Tenía que escribirte. Así sin más. Me tienes calado tan hondo que al igual que necesito ir a verte a tu Basílica de vez en cuando, necesito reventar mi alma de sentimientos que pueda plasmar en palabras porque inundas todo mi sentir y no cabe más amor hacia a Ti en mi interior, mi querida Esperanza. Porque no dejo de soñarte en tu camarín de Reina en el que, desde tu espalda, veo reflejados tus dos perfiles en los espejos tocados por la gracia de Dios que sirven para mostrar al hombre la cara de su madre. Porque no dejo de acordarme del día que ante Ti me arrodillé en el altar de tu casa y besando el Libro de Reglas de tu familia en la tierra, hermandad mía macarena, me acogiste en el seno de tu gracia concediéndome la dicha de ser hermano e hijo. Porque no dejo de evocarte en la Madrugá de vuelta cuando tras visitar a Madre Angelita enfilas la calle Feria dirección al templo y mi mirada se pierde buscando tu cara entre los varales que sustentan tu palio. Porque no dejo de recordarte cuando entre las llamas de la candelería que iluminan tu rostro de noche cuando vienes revirando la Alameda hacia Trajano, clavo mis ojos en los tuyos y renuevo mi juramento de amor macareno. Tenía que escribirte.
Cuando las volutas del incienso que te anteceden invaden mi espíritu la mágica noche del Jueves Santo noto en mi interior que algo grande va a suceder. Son tan sólo minutos, segundos quizá, pero de mis ojos caen dos lágrimas rodando por mis mejillas de cofrade con tan sólo vislumbrar que se acerca tu paso. Y aunque en la Madrugá no fuere, igual me ocurre cuando próxima tu salida o días después de haber concluido, comienza mi vista a intuir tu silueta a través del atrio de tu capilla. Una lágrima aumenta cada año y es por los recuerdos. Otra lágrima se mantiene hasta que tu Hijo lo mande: es de agradecimiento por poder ir otro año más a verte. Y por dentro me lleno de Esperanza. Que a nadie le falte la esperanza. Desde que te viera por vez primera ya sabes que me entregué a Ti. Y nunca fallo a la cita. Aunque sea el Domingo de Resurrección y un minuto de gloria tan sólo en mi reloj, me da tiempo a ponerme delante tuya y hablarte y saludarte, Madre mía. Y tienes la carita manchada del humo que te acompañó en tu paseo mientras acercas la esperanza al mundo y a mí me parece la carita más linda que haya, la carita de la Esperanza tras haber cumplido un año más. Tus velas derretidas y los pétalos de rosa que entre ellas se hallan dan testimonio de que el pueblo te recibió. Y yo contigo. Yo te necesito lo entiendan o no. En la Semana Grande he de verte y lucho contra viento y marea porque así sea. Y voy a verte, Esperanza. Aunque sea un minuto te decía, ¡cuántas cosas te cuento en un minuto mirándote en silencio mientras el bullicio del gentío me rodea! Cuántas cosas, Madre mía, cuántas cosas. Y espero poder cumpliendo y que me siga resbalando esa lágrima y quienes me vean no sepan el por qué.
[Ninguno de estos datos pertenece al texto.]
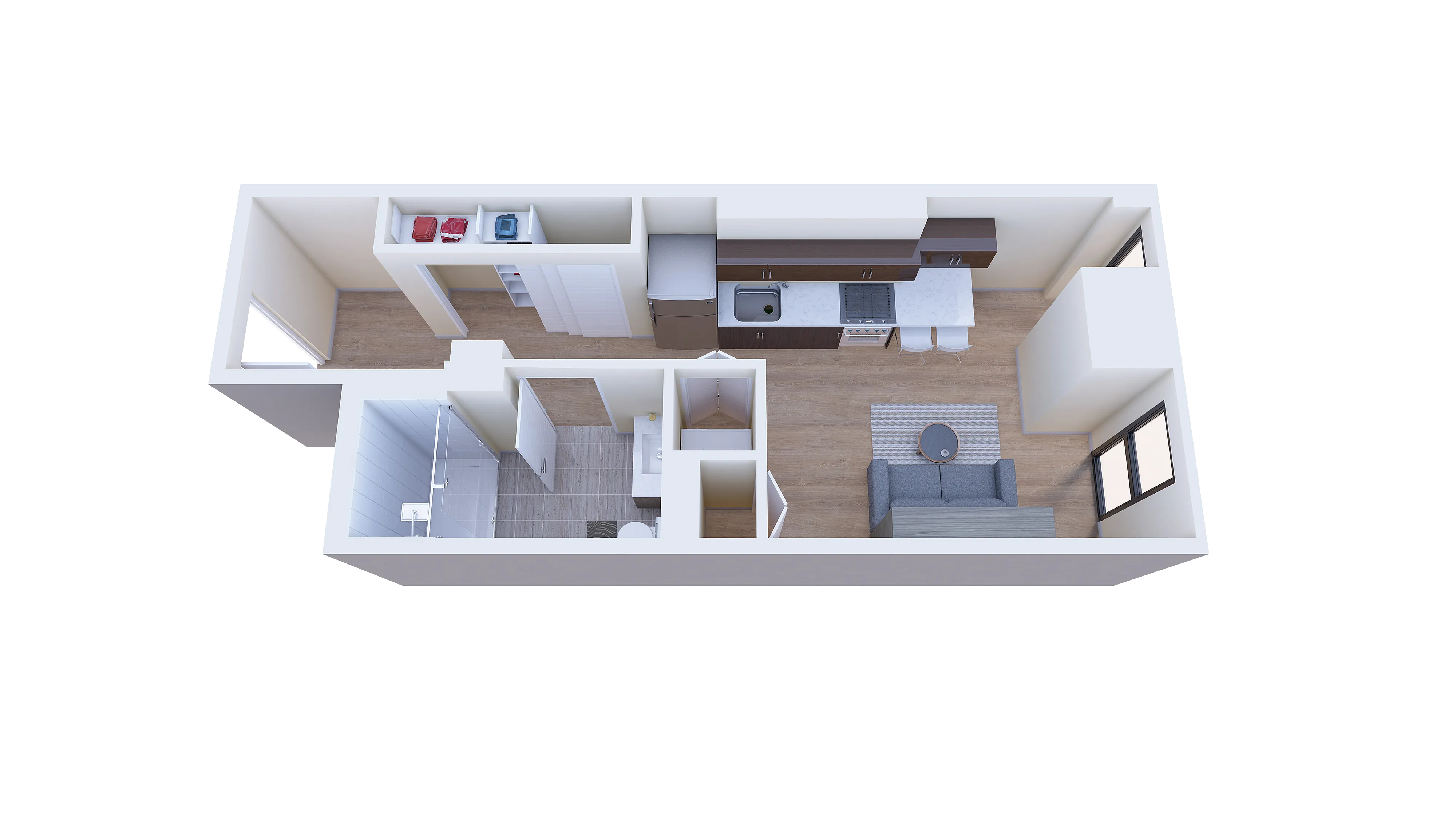 Modern 3D floor plan showcasing a sleek open kitchen, cozy living area, and stylish bathroom.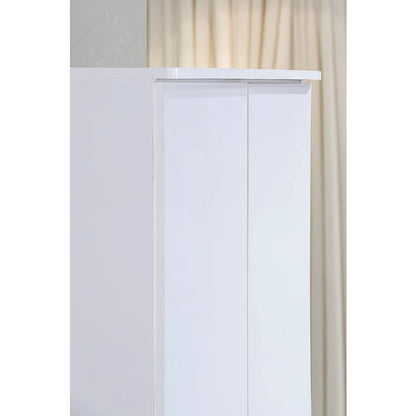 2 door wooden wardrobe bedroom closet, Cabinet equipped with clothes drying rod and 2 storage drawers, White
Por algo que ignoro me llamaste a tu casa a conocernos en mi adolescencia, quizás en mi más arraigado nacimiento cofrade personal y autónomo, si bien en mi casa ya hubo germinado la semilla del amor por la cera, el incienso y el redoble de un tambor. Y allí me presenté y vi por vez primera tus cinco verdes esmeraldas tintineantes en tu pechera. Y ví tu cara entre sonrisa y llanto y supe que algún día sería tu hijo y de aquellos hombres su hermano. Allí comenzó todo. Por la tarde noche de aquel Septiembre que festejaba macarenamente cuatrocientos años de historia, contemplé tu altar itinerante avanzando de frente por Don Fadrique. Qué recuerdos, Madre, qué recuerdos. Y desde entonces hasta hoy. Veinte años hará la próxima otoñada antes de que mis vaharadas avancen felices hacia Triana. Pero antes iré a verte porque sé que bajas del Cielo a la Tierra para dar comienzo a la Esperanza que el hombre llama Navidad. Y soñar de nuevo con besar tu mano en Navidad... Es mi sueño en estos días. Y llenarme de Esperanza de verdad. Veinte años se consumarán en el otoño de aquí a un año. Y desde entonces hasta hoy.